O establishment dos EUA e da União Europeia assiste atônito aos acontecimentos na Ucrânia. Além de ter bloqueado um golpe de Estado na Síria, a Rússia se impõe sobre uma armação golpista na antiga república soviética. É mais um ato da nascente verdadeira nova ordem mundial, na qual Brics e suas associações regionais se elevam a desenhar um mundo realmente multipolar. E é preciso dissipar a confusão pela qual a esquerda e a opinião pública democrática tendem, de um lado, a aplaudir a coragem, mas, de outro, a acabar comprando a narrativa das agências de notícias brasileiras, alicerçadas nas congêneres internacionais dos EUA e da UE, sobre o gigante do Leste. A Rússia não joga o jogo em curso à toa e Putin e seu governo têm muito mais a ver com o projeto alternativo que se quer para o mundo do que sonha a vã filosofia que o tira por tudo, menos por um aliado estratégico.

Para início de conversa, na Rússia existe sufrágio universal, voto direto em regime de liberdade de organização, reunião e expressão à imagem e semelhança das democracias ocidentais. Pela tradição liberal, não há como desdizer que a Rússia seja democrática. Assim como vários outros países que gozam dessa reputação, ainda necessita de avanços, mas de modo muito similar a qualquer outro onde ainda se reprimem passeatas.

Para seu primeiro mandato como presidente (2000-2004), Vladimir Putin foi eleito com 53% dos votos.
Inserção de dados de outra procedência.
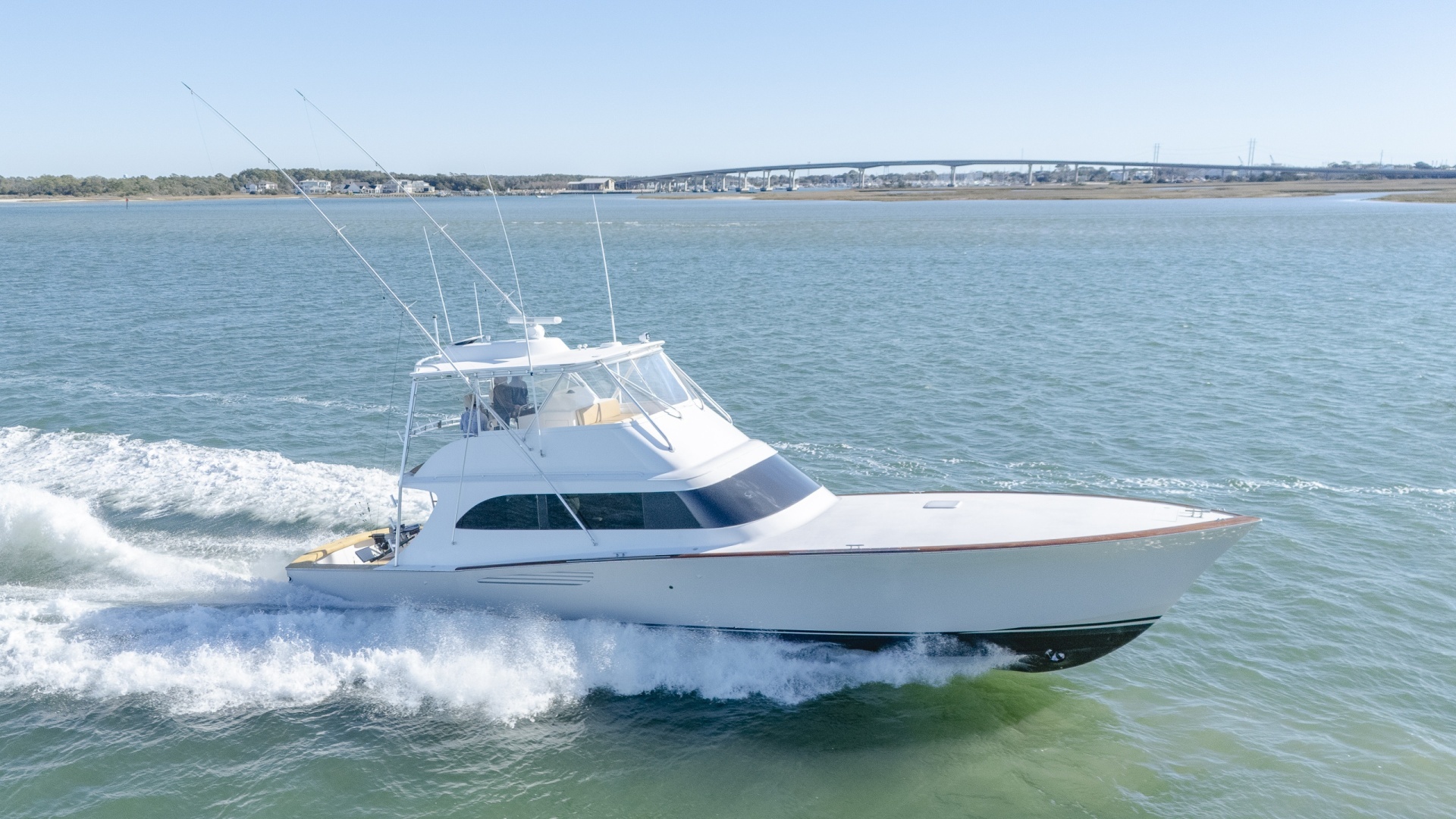 Custom 61ft Weaver Yacht For Sale
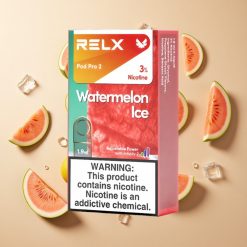 RELX Pod Pro 2 600パフ スイカアイス 3%ニコチン 卸売 日本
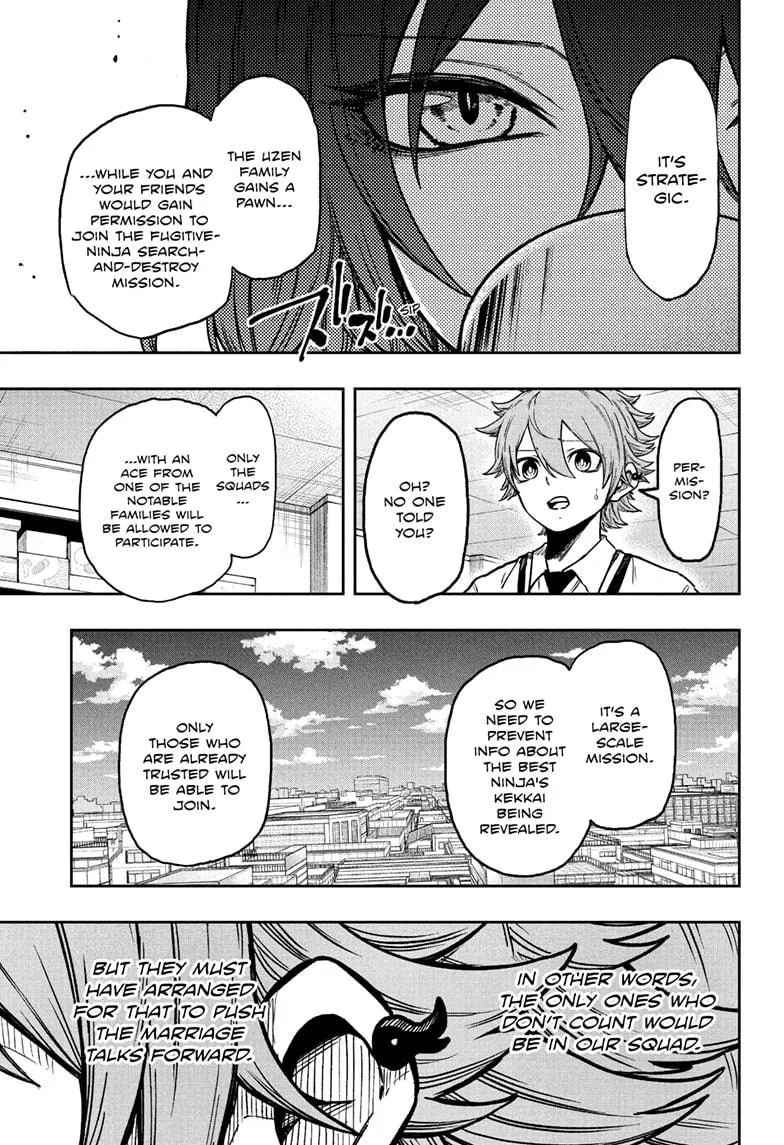 Read Shinobi Undercover Manga Online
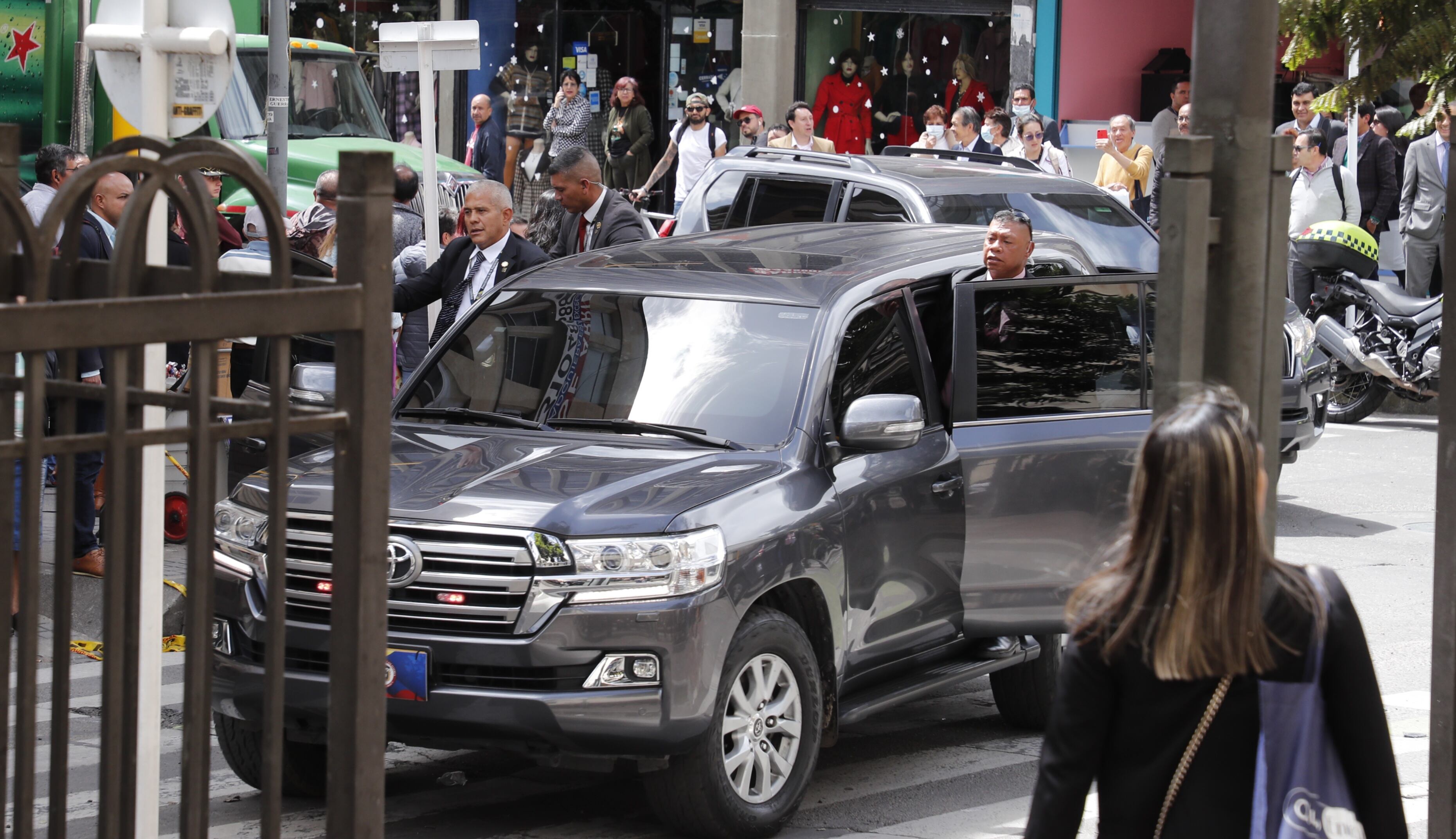 Reunión Presidente Gustavo Petro con los Magistrados de las Altas Cortes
Em 2004, reeleito com 71%. Em 2012, venceu no primeiro turno com 63%. Nessa última eleição, o bilionário Mikhail Prokhorov levou apenas 7% dos votos, vindo de um partido pró-Kremlin que pretendia atrair a classe média e os empresários em torno de um projeto que não se opusesse ao partido majoritário Rússia Unida, conformando uma base de 70% ao projeto governante. De acordo com pesquisas de opinião pública conduzidas pela ONG Levada Centre, em 2007, a aprovação popular de Putin era de 81%, muito superior à de qualquer líder internacional, e de lá para cá nunca caiu para menos de 65%.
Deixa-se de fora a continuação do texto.